» **Work to be completed**
Every line of the listing should be retyped exactly, but none of the pictures should be.

_ _ _ _

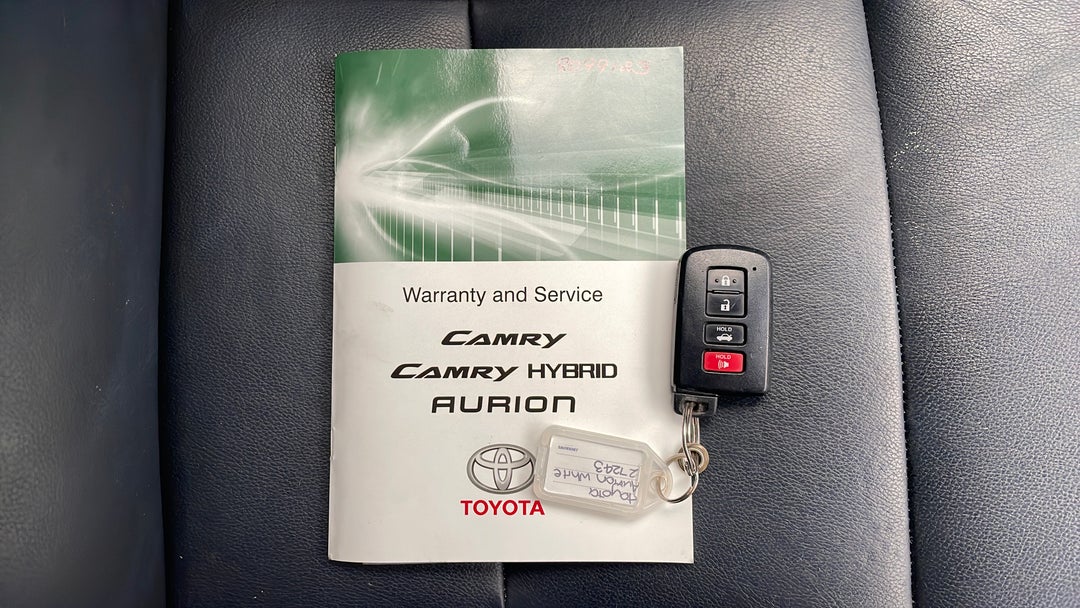 2017 Toyota Aurion Sportivo, Automatic, 46563 km, Key Close-up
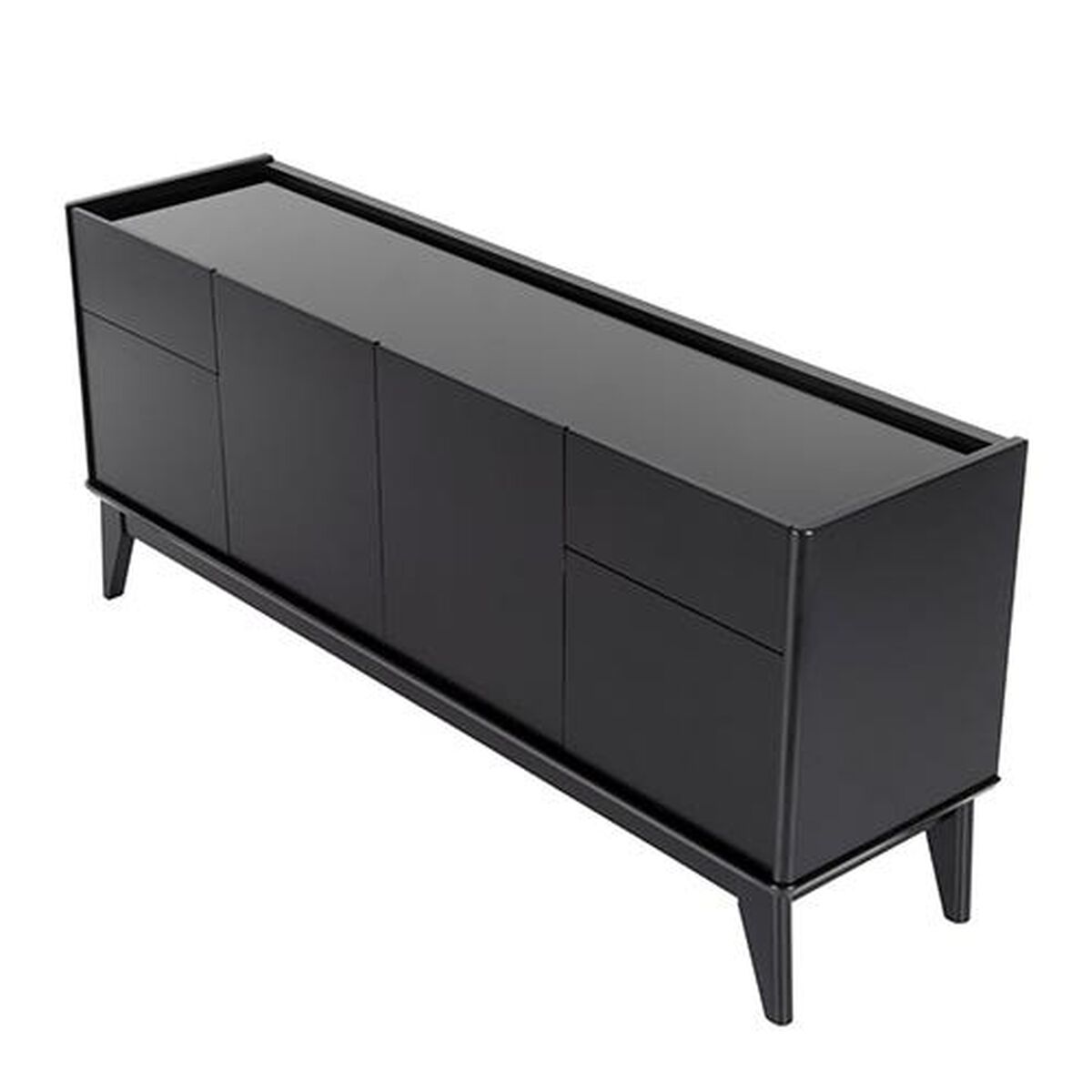 Buffet Decocasa Float 4 Puertas 2 Cajones Negro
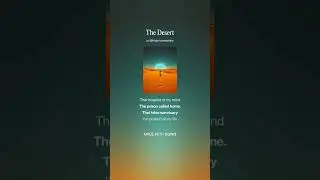 The Lyrics Machine ft. SUNO - The Desert
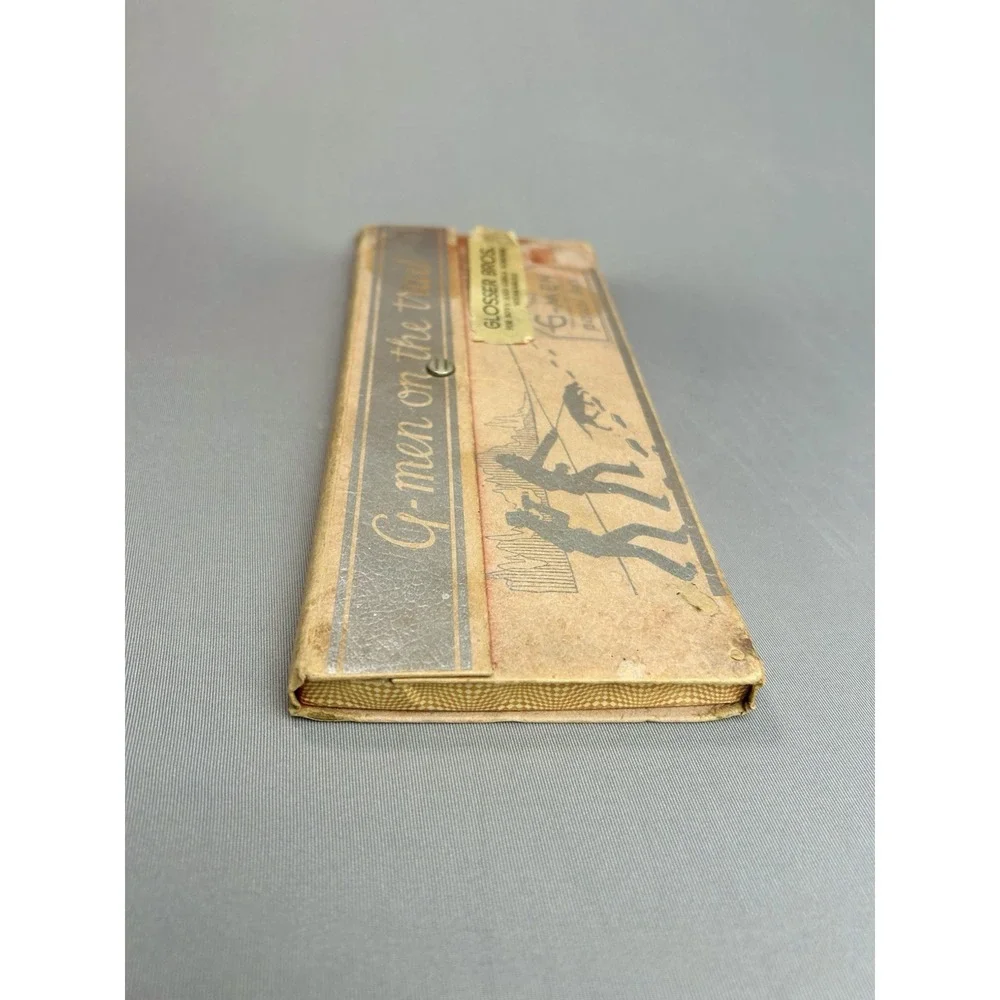 Vintage G-men‎ On The Trail Kids' School Pencil Case & Protractor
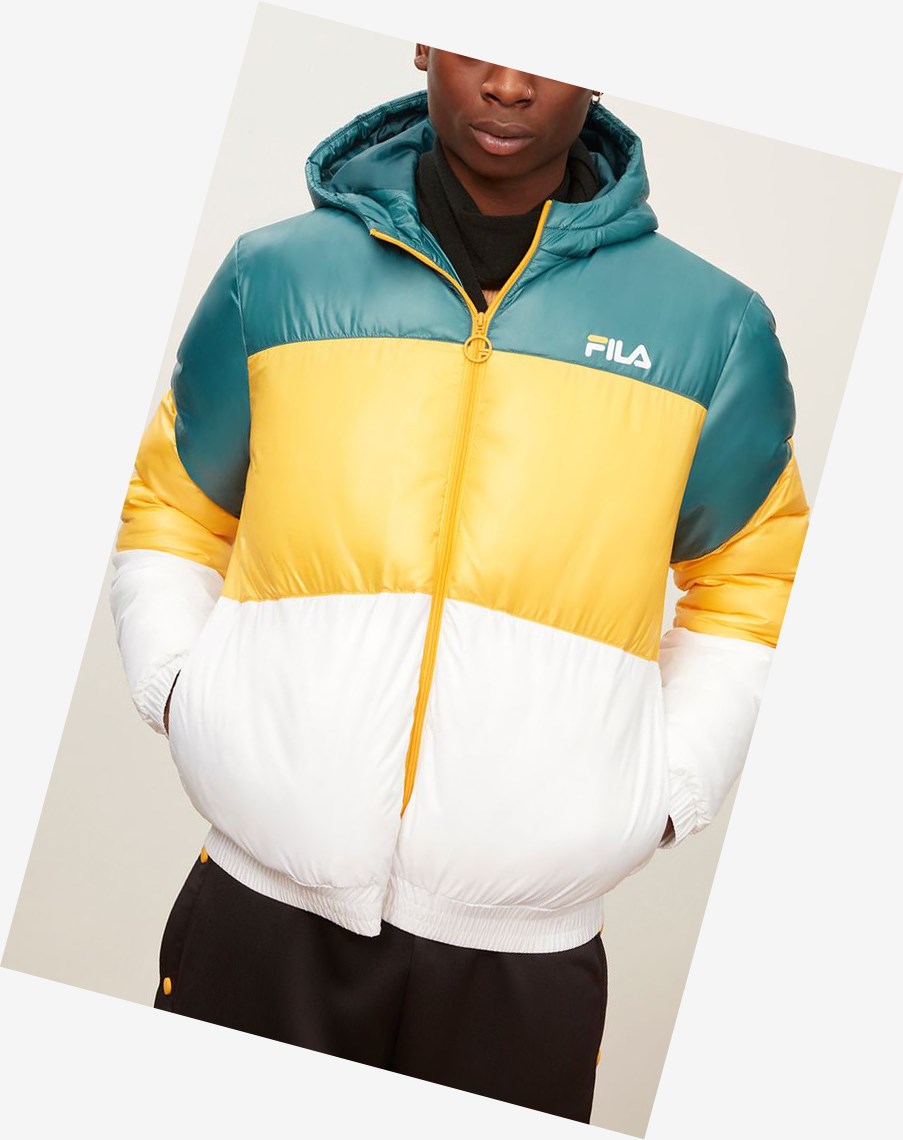 Fila Tatum Viento Jacket Atdp/Citr/Wht | 56CWYQOSE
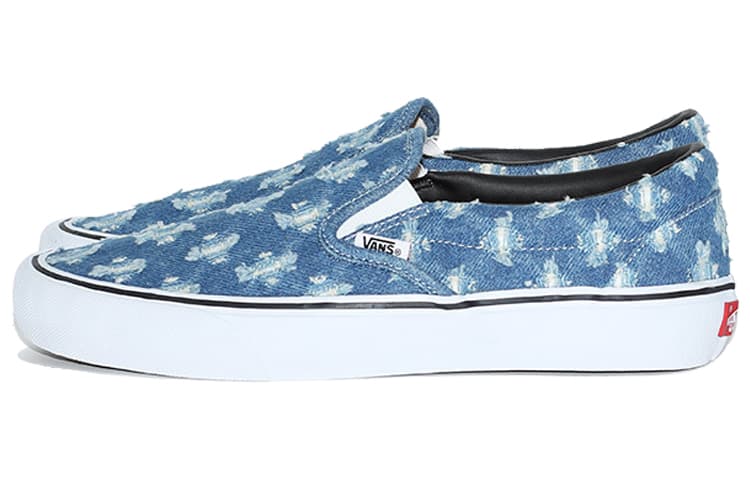 Vans Slip On Supreme Hole Punch Denim Blue 2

_ _ _ _

» **Expected answer**
 2017 Toyota Aurion Sportivo, Automatic, 46563 km, Key Close-up
 Buffet Decocasa Float 4 Puertas 2 Cajones Negro
 The Lyrics Machine ft. SUNO - The Desert
 Vintage G-men‎ On The Trail Kids' School Pencil Case & Protractor
 Fila Tatum Viento Jacket Atdp/Citr/Wht | 56CWYQOSE
 Vans Slip On Supreme Hole Punch Denim Blue 2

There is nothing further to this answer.